Marcel Proust, en su delicioso ‘Días de lectura’, cuenta cómo se dejaba llevar de la mano por las buenas páginas desde que tuvo memoria, cómo buscaba en ellas motivos para dar nuevos relieves a lo que miraba, para que la vida creciese y excediera los límites que le adjudicamos a veces. Pero también era capaz de asumir el riesgo de la escritura como una aventura gozosa, en la que la propia mirada, el estilo propio “no es un embellecimiento en modo alguno, como creen algunas personas, ni siquiera es un problema de técnica, es -como el color en los pintores- una cualidad de la visión, una revelación del universo particular que ve cada uno de nosotros y que no ven los demás. El placer que nos proporciona un artista es el de darnos a conocer un universo más”.
Al final, escribir no es sino la búsqueda de una voz personal, la capacidad para atrapar este tiempo y salvarlo del devenir con palabras que tengan las esquinas intactas -o casi-. También es la habilidad de convertir un relato, un momento concreto, en un objeto hermoso que uno mismo, pero también los otros, sepan apreciar ahora y cuando pasen los años. Y es que, como también cuenta un Proust capaz de levantar ‘En busca del tiempo perdido’, los escritores gustan de sus contemporáneos, pero si tienen que elegir, se quedan con las obras clásicas. “Y es que para nosotros -dice- no sólo tienen como las obras contemporáneas, la belleza que supo poner en ellas la mente que las creó. Reciben otra más emocionante aún, y es que su materia misma, quiero decir, la lengua en la que fueron escritas, es como un espejo de la vida”.
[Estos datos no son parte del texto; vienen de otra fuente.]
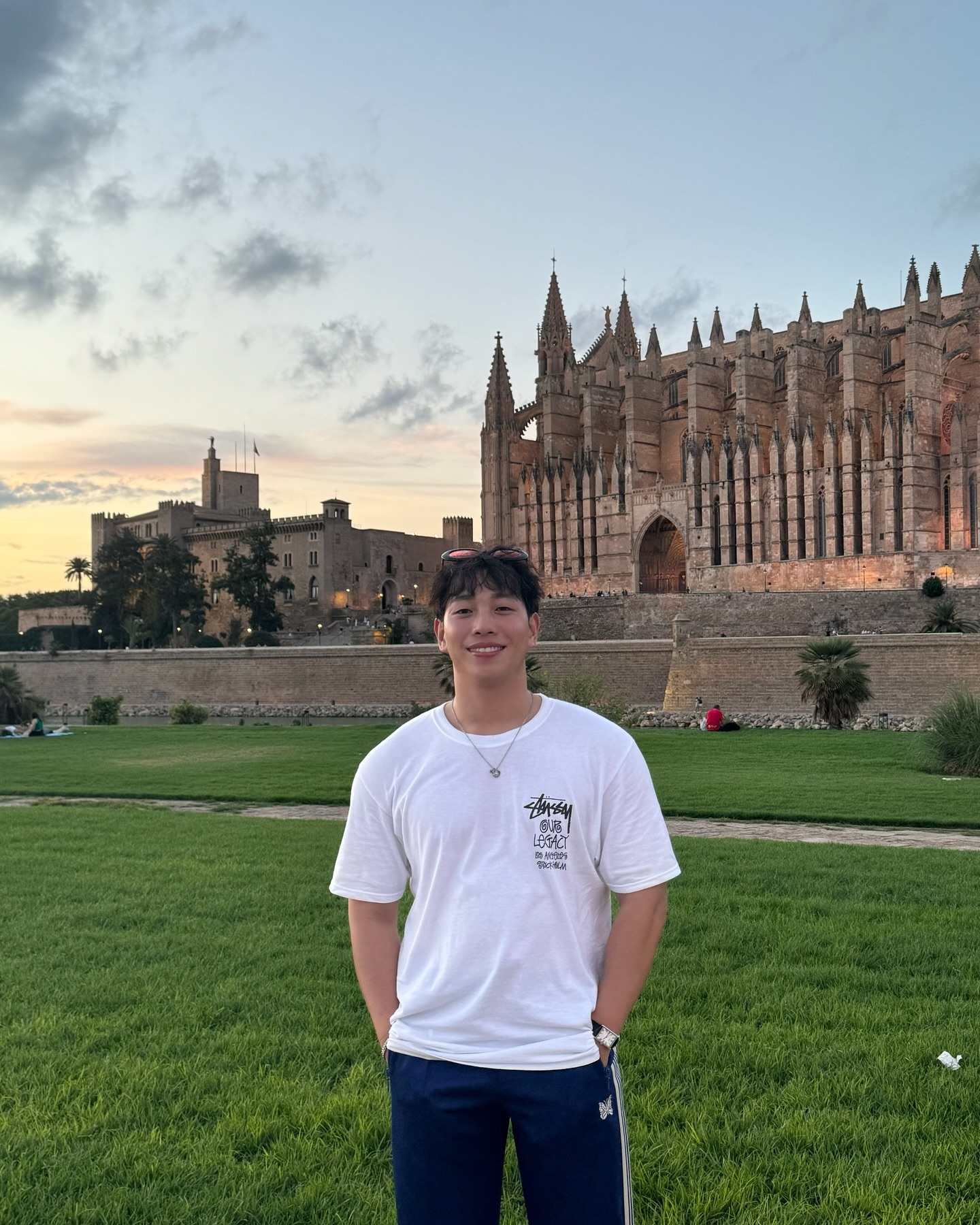 2024.07.06 3day🇪🇸
마요르카 첫날〰 기대 없이 간 마요르카 대성당🏰 너무 예뻐서 해 질 때까지 놀다 왔다☺️ / 해변만 가면 눈을 못 떼던 그,, / 비행기에서 보낸 시간이 많아 아쉬웠지만,, 아직은 행뽁🤍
Para él, los textos de los clásicos “contienen todas las viejas formas de lenguaje abolidas que guardan el recuerdo de usos o maneras de sentir que ya no existen, huellas persistentes del pasado a las que nada del presente se parece y cuyo color sólo el tiempo, al pasar por ellas, ha podido embellecer. Una tragedia de Racine o un volumen de las Memorias de Saint Simon son como objetos hermosos que ya no se fabrican (…) son esas formas obsoletas tomadas de la vida misma del pasado las que contemplamos en la obra de Racine, como en una ciudad antigua que ha permanecido intacta”.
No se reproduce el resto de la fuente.